◆ **Exercise requirements**:
Give back exactly the lines of the material below that start at the one holding "Here you need" and end at the last line, minus the pictures.

*** Data Section Begins ***

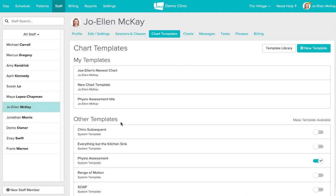So I hope this has been a helpful overview of Jane's charting basics. We go into a lot of detail in a number of our guide documents so if you did want to search up guide within our guide library you can do that and I hope this was helpful.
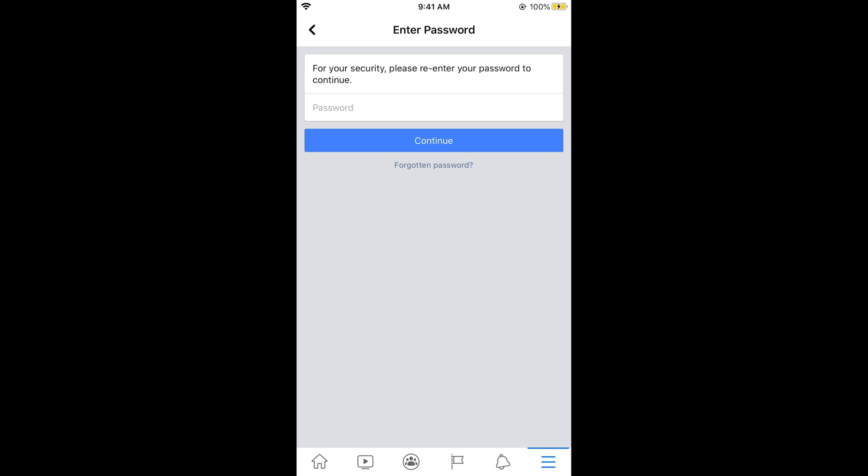Here you need to go and enter your Facebook password. Here we go. Once you have entered your password, simply go and tap on Continue.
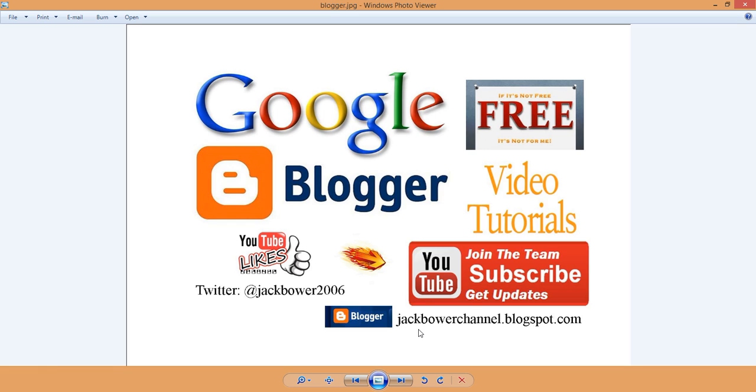So what it is, it's a Google Blogger. It's free, it's all free. Free is for me. It's been sitting in my email probably for months and I just never activated it. It's the jackbauerchannel.blogspot.com.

*** Data Section Ends ***

◆ **Solution for this problem**:
Here you need to go and enter your Facebook password. Here we go. Once you have entered your password, simply go and tap on Continue.
So what it is, it's a Google Blogger. It's free, it's all free. Free is for me. It's been sitting in my email probably for months and I just never activated it. It's the jackbauerchannel.blogspot.com.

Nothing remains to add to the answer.